Opini Sawedi Muhammad
Sosiolog Unhas Ungkap Seteru Vaksin dan Masa Depan Dunia Pascapandemi Covid, AS-China Saling Tuding
Amerika dan Tiongkok saling menuding sebagai muasal virus Covid-19. Mereka berusaha merebut simpati dunia, menegasi keterlibatan negaranya
Deskripsi pendapatan tiga raksasa farmasi dunia menunjukkan siapa yang diuntungkan selama pandemi Covid-19 berlangsung.
Pfizer yang bermarkas di New York mewakili kedigdayaan Amerika. Sinovac yang berpusat di Beijing merepresentasi keunggulan Tiongkok.
AstraZeneca yang berkedudukan di Cambridge, mewakili supremasi Inggris.
Ketiga negara inilah yang menguasai suplai vaksin dunia.

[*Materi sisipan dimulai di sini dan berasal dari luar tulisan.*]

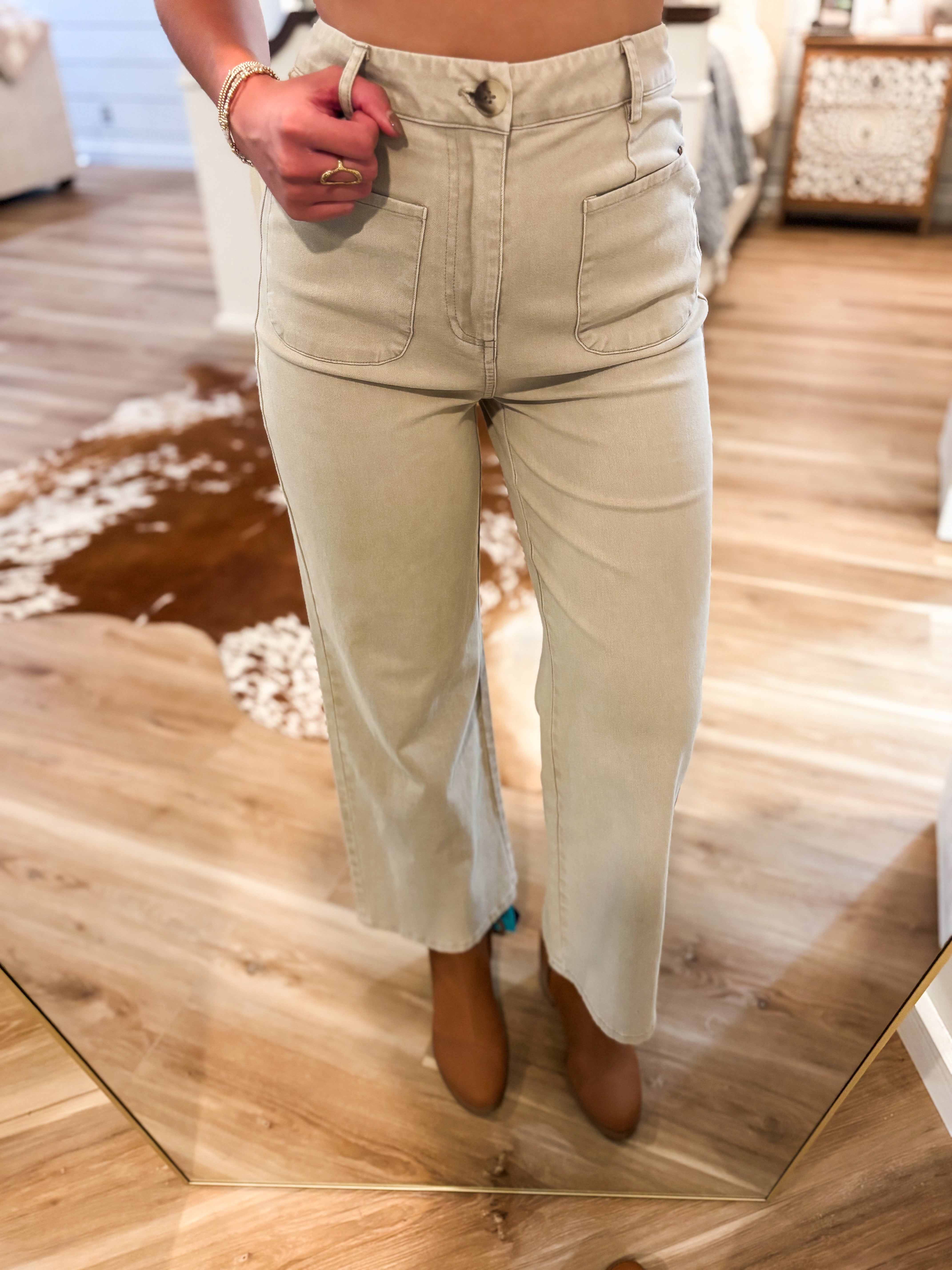 Simple Joy Washed Stone Trouser Pant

Karena keterbatasan kapital, teknologi dan sumber daya manusia, ketimpangan akses terhadap vaksin menimbulkan apa yang disebut oleh Vanessa S lanziotti (2021) sebagai vaksin apartheid.
Di bulan Agustus 2021, sebanyak 31,7 persen penduduk dunia telah menerima vaksinasi tahap pertama dan 23,7 persen menerima vaksinasi tahap kedua.
Sekitar 4,76 miliar dosis vaksin diproduksi secara global dan sebanyak 37,24 juta diproduksi setiap hari.
Akan tetapi, hanya sekitar 1,3 persen penduduk di negara berpendapatan rendah telah menerima paling tidak vaksin tahap pertama.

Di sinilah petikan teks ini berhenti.